John O'Brien Jul. 7, 2015, 10:15am


NEW YORK (Legal Newsline) – Last summer, Ford Motor Company accused a major New York City asbestos firm of engaging in the same type of misleading behavior that led to a landmark 2014 ruling and a handful of racketeering lawsuits, court records show.

On Aug. 7, Ford asked New York City Asbestos Litigation Judge Barbara Jaffe to reduce a once-$11 million verdict by the amount it felt should have been paid to plaintiff Arthur Juni by the bankruptcy trusts covering exposure caused by Raybestos and Wagner products.

The letter created a testy exchange with plaintiffs firm Weitz & Luxenberg.
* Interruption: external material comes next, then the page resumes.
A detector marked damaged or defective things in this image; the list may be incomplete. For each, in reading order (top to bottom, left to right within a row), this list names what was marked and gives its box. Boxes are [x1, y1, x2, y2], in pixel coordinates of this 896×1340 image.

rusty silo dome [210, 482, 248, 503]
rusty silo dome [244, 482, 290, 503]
One of the firm’s lawyers wrote that it was difficult to remain civil while responding to the claims, labeling Ford’s move an “outburst.”

Ford claimed Juni repeatedly referred to exposure from two other companies’ brake products, but Weitz & Luxenberg never submitted claims to their trusts while pursuing his lawsuit against Ford and other defendants.
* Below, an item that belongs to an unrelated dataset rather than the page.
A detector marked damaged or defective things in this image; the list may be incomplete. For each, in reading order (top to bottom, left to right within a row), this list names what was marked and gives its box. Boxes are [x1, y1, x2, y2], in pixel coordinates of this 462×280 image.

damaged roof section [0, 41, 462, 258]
Juni was entitled to $125,000 from the Raybestos trust and between $100,000 and $300,000 from the Wagner trust, Ford claimed. It was later shown that the Wagner trust was not accepting claims at the time.
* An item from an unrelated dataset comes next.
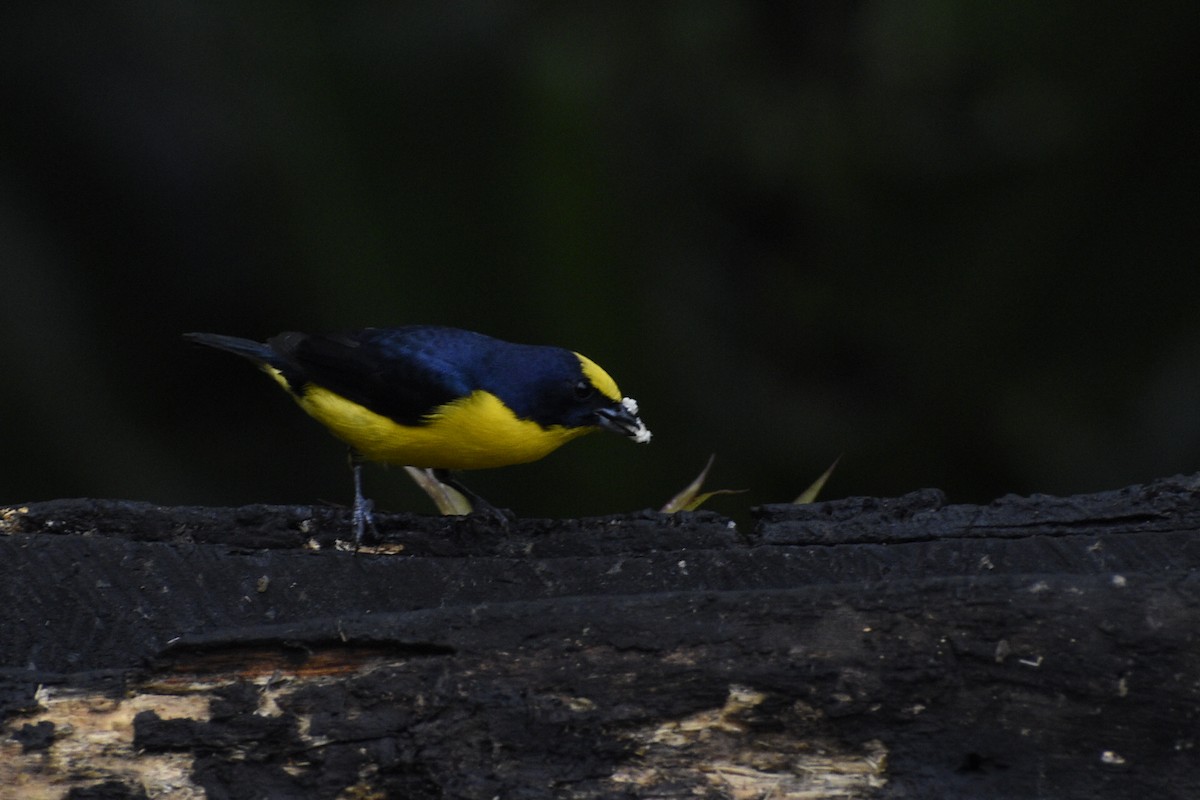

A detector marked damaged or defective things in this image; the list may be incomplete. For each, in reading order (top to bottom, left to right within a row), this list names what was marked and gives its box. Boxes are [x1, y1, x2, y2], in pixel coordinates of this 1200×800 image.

burnt wood surface [2, 474, 1200, 800]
“Plaintiffs’ counsel was under a duty to their clients, litigants and the Court to mitigate damages by filing all viable claims with asbestos bankruptcy trusts,” Ford’s attorneys wrote.

“The only conceivable motive for plaintiffs’ counsel’s failure to file such meritorious claims is gamesmanship, pure and simple.

“Plaintiffs’ attorneys know that any amount received from such trusts would be set-off from a judgment.”

Ford attached a 2014 ruling from Judge George Hodges, of a bankruptcy court in North Carolina, that said plaintiffs attorneys at other firms had been delaying filing their clients’ trust claims while lawsuits against Garlock Sealing Technologies were pending.

By doing so, Hodges ruled, plaintiffs attorneys had unfairly maximized recovery against Garlock, which eventually filed for bankruptcy in 2010 and is in the process of setting up its own trust.

Garlock made its argument after being permitted discovery into 15 cases. It has filed racketeering lawsuits against the plaintiffs firms involved in those cases.

Weitz & Luxenberg is not among the firms sued by Garlock.

The firm’s Juni case is notable in that the multimillion-dollar verdict was overturned earlier this year, and an appeal of that decision is pending.

In April, Jaffe granted Ford’s motion for judgment notwithstanding the verdict and dismissed the complaint.

“The Court misapprehended the relevant law and overlooked the critical facts, improperly invaded the jury’s province, and erroneously failed to view the evidence in the light most favorable to the nonmovant,” Alani Golanski of Weitz & Luxenberg wrote.

Ford argued that the opinions of Juni’s expert witnesses on causation lacked a sufficient foundation and were based on invalid assumptions.

Another noteworthy aspect of the case is that court records show Juni was treated by Dr. Richard Taub, who headed a Columbia University mesothelioma research center at the time.

Taub has been identified as the doctor at the center of the indictment of former New York Assembly Speaker Sheldon Silver.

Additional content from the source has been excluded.